Ministers have been urged to bring forward laws immediately to end the "offensive and outdated message" that marriage is a "business transaction between fathers".
The names of the mothers of the bride and groom are not specifically recorded on marriage certificates in England and Wales, although there is space for details of the fathers.
MPs from across the political spectrum have now told Home Secretary Theresa May to rectify the situation and bring marriage certificates into line with those for civil partnerships to ensure mothers are "no longer erased from these important historical records".
The motion tabled in Parliament has so far been signed by 26 MPs.
It follows a petition on the change.org website, which has attracted more than 37,500 signatures calling for the names of mothers to be included alongside those of fathers .
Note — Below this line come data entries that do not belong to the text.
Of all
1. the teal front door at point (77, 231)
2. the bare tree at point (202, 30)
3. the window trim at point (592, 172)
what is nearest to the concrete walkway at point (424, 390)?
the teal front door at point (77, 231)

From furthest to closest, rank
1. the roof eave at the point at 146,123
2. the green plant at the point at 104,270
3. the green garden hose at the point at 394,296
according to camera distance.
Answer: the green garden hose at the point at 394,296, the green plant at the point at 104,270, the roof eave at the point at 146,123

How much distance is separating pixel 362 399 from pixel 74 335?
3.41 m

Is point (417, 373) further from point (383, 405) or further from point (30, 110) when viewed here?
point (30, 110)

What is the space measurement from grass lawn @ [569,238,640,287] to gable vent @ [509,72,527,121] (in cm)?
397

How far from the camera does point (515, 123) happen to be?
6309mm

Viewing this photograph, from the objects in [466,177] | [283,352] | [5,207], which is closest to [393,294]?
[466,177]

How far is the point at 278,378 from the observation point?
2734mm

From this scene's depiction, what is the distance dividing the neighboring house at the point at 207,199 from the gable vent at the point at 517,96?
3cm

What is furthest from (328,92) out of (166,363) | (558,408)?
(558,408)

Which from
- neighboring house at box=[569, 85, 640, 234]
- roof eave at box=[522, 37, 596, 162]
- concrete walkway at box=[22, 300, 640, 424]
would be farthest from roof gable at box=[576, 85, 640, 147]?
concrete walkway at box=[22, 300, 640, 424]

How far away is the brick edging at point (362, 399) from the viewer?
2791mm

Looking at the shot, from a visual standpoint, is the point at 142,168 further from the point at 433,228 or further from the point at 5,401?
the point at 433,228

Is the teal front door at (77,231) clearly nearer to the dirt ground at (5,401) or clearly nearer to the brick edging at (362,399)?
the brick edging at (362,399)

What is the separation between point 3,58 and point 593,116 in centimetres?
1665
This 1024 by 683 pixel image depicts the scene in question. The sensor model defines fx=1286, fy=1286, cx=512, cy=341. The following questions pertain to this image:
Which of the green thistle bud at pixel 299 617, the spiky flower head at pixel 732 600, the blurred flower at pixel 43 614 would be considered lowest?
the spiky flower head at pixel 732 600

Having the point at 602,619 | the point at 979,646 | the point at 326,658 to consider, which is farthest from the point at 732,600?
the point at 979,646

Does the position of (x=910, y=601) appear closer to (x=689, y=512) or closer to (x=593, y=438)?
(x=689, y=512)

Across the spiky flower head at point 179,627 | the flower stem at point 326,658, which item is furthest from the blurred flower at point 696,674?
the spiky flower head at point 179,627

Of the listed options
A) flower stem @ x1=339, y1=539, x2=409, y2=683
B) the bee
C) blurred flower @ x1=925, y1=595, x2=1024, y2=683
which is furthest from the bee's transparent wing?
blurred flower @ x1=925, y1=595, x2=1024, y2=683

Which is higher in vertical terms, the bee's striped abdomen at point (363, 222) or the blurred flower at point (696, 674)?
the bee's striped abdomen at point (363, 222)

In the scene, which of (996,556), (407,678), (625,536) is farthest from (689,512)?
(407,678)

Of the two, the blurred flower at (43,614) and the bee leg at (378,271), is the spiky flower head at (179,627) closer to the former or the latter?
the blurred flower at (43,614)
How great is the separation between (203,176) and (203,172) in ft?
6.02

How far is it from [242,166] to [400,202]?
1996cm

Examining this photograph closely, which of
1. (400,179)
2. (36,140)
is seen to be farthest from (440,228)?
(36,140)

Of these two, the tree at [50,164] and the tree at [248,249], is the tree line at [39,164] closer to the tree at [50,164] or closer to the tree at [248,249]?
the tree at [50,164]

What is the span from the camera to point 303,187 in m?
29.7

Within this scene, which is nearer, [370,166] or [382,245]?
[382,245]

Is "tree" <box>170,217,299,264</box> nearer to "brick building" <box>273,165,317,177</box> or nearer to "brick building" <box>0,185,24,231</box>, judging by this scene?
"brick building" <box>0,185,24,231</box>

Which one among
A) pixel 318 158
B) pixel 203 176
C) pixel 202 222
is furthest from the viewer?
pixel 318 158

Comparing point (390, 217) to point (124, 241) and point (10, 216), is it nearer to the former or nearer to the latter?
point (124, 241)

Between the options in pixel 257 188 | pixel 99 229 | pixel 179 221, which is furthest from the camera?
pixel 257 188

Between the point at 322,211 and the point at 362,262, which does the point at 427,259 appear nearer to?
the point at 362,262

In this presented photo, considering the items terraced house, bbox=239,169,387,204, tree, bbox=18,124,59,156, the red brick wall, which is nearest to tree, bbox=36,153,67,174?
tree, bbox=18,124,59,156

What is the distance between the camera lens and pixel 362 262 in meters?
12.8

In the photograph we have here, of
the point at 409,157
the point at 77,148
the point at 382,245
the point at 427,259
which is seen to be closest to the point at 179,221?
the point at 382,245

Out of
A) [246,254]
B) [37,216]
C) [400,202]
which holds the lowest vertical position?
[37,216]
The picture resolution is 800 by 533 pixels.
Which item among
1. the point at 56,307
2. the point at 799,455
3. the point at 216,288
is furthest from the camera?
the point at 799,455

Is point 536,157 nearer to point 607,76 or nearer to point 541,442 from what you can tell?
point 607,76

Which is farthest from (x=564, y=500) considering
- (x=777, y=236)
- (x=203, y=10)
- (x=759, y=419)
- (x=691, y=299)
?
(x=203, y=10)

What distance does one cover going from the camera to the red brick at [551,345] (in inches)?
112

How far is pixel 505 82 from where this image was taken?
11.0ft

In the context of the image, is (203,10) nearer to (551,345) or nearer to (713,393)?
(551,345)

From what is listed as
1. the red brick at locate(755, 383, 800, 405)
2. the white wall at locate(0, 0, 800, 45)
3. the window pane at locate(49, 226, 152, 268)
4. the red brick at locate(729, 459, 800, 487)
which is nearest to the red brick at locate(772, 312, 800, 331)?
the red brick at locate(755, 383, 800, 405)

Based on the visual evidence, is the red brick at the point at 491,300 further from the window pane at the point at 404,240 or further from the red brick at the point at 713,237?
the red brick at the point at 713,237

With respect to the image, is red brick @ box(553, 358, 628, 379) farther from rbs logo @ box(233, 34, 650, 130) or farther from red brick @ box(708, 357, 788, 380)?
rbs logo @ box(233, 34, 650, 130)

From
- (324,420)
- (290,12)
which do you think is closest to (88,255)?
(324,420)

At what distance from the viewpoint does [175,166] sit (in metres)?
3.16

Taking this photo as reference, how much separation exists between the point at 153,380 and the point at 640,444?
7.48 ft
Green Party MP Caroline Lucas (Brighton Pavilion), who is the main sponsor of the early day motion in the Commons, has been joined by Conservative former minister Chloe Smith (Norwich North), former Labour minister Dame Joan Ruddock ( Lewisham Deptford) and Liberal Democrat Sir Bob Russell (Colchester), among others, in raising the issue.
The motion states: " That this House... believes our law should not perpetuate the offensive and outdated message that marriage is a business transaction between fathers; further notes that both mothers and fathers are recorded on a civil partnership certificate and believes the same should be the case on a marriage certificate; further believes that change is needed so that mothers are no longer erased from these important historical records; and calls on the Secretary of State for the Home Department to bring forward the necessary legislative proposals without delay."
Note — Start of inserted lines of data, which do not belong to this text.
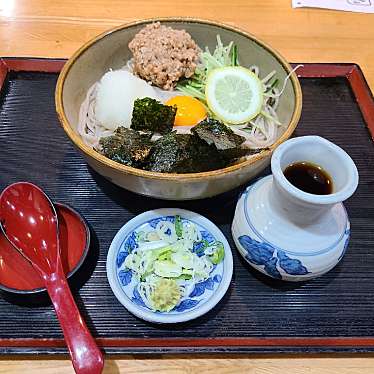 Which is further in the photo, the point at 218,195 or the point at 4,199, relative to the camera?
the point at 218,195

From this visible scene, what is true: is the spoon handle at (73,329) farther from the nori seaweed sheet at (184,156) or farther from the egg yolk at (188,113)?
the egg yolk at (188,113)

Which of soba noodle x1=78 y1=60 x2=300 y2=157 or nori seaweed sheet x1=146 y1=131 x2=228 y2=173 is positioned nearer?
nori seaweed sheet x1=146 y1=131 x2=228 y2=173

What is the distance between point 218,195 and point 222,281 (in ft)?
1.06

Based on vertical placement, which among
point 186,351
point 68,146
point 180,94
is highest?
point 180,94

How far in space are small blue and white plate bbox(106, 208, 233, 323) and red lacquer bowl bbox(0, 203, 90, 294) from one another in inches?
3.9

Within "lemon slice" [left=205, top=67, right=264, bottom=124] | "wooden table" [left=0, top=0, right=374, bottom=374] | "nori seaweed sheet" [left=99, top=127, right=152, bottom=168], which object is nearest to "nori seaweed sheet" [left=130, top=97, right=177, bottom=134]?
"nori seaweed sheet" [left=99, top=127, right=152, bottom=168]

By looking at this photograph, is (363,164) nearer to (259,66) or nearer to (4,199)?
(259,66)

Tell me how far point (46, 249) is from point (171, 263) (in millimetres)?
359

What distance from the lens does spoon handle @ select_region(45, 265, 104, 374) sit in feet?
3.55

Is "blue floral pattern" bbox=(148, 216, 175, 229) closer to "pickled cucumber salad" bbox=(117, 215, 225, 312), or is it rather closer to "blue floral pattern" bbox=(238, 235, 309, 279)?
"pickled cucumber salad" bbox=(117, 215, 225, 312)

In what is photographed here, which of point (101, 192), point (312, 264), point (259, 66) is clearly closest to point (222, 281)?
point (312, 264)

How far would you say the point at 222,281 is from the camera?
1285 mm

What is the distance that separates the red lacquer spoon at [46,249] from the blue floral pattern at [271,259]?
0.48m

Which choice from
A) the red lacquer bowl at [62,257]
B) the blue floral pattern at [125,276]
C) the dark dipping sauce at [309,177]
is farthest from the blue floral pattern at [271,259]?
the red lacquer bowl at [62,257] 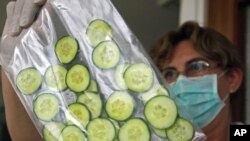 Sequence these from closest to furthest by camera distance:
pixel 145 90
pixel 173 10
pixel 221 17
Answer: pixel 145 90, pixel 221 17, pixel 173 10

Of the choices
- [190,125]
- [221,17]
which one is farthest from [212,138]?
[221,17]

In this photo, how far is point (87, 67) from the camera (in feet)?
2.83

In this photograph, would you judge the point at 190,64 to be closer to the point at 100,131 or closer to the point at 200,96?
the point at 200,96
Ms Lucas, in a statement, said: "It beggars belief that current regulations mean it's still the case that a marriage certificate must include details of the father but not the mother of the bride and groom.
"Our law should not perpetuate the grossly outdated message that marriage should be seen as a business transaction between the father of the bride and the father of the groom.
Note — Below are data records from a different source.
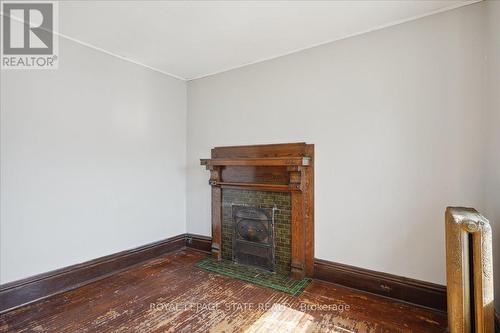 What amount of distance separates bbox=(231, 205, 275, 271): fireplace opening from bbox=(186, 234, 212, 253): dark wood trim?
511mm

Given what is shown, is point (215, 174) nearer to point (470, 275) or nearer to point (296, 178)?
point (296, 178)

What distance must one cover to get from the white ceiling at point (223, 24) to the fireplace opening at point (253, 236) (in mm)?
1913

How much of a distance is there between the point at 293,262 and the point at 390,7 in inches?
103

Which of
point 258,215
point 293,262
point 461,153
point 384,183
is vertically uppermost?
point 461,153

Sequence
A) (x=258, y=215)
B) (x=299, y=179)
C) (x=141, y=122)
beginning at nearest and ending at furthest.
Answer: (x=299, y=179)
(x=258, y=215)
(x=141, y=122)

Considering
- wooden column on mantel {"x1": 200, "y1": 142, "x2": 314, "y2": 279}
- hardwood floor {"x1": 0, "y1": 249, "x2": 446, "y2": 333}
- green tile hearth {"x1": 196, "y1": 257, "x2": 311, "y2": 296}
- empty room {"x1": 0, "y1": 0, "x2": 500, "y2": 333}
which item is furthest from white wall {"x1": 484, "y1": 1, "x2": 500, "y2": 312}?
green tile hearth {"x1": 196, "y1": 257, "x2": 311, "y2": 296}

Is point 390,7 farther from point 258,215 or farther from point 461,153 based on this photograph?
point 258,215

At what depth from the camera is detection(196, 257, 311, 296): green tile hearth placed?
8.23 ft

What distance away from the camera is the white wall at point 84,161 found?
2191mm

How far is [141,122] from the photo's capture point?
127 inches

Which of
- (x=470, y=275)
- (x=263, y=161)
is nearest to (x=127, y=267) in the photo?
(x=263, y=161)

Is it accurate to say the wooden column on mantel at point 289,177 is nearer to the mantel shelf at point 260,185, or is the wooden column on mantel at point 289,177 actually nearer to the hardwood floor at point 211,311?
the mantel shelf at point 260,185

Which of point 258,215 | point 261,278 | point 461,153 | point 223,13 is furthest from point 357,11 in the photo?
point 261,278

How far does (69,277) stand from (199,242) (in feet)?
5.17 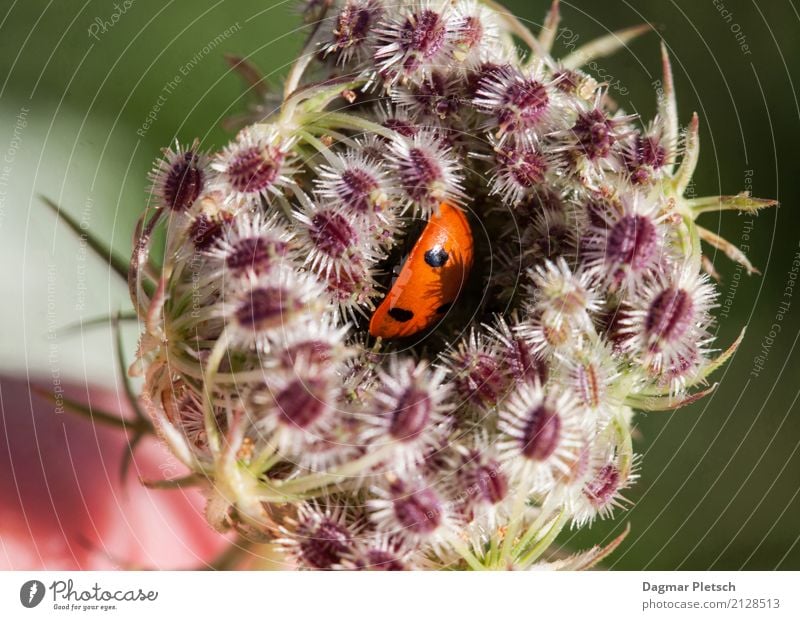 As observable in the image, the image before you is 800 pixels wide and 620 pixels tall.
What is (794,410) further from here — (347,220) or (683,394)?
(347,220)

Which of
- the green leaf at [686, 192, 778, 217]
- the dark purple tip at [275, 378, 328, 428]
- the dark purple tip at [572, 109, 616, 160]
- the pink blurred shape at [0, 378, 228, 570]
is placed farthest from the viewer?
the pink blurred shape at [0, 378, 228, 570]

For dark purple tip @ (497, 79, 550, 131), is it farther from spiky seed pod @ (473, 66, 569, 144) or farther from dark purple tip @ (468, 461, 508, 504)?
dark purple tip @ (468, 461, 508, 504)

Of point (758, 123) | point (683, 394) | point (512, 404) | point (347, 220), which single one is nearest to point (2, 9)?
point (347, 220)

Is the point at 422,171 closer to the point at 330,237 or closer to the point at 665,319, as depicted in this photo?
the point at 330,237

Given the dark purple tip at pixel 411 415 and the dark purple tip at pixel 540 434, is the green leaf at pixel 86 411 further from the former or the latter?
the dark purple tip at pixel 540 434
"I call on the Home Secretary to change this law without delay and allow people to recognise the importance of mothers on their marriage certificates."
Tory Chloe Smith, who sponsored the motion, said she was surprised to learn she could not include her mother on the certificate when she married Sandy McFadzean last November.
She told the Press Association: "Having only recently got married myself, the anachronism in the process is clear and I simply don't think it's right for the 21st century."
Asked if she knew in advance that her mother would not be included on the certificate, Miss Smith said: "I didn't know that. It came as a surprise."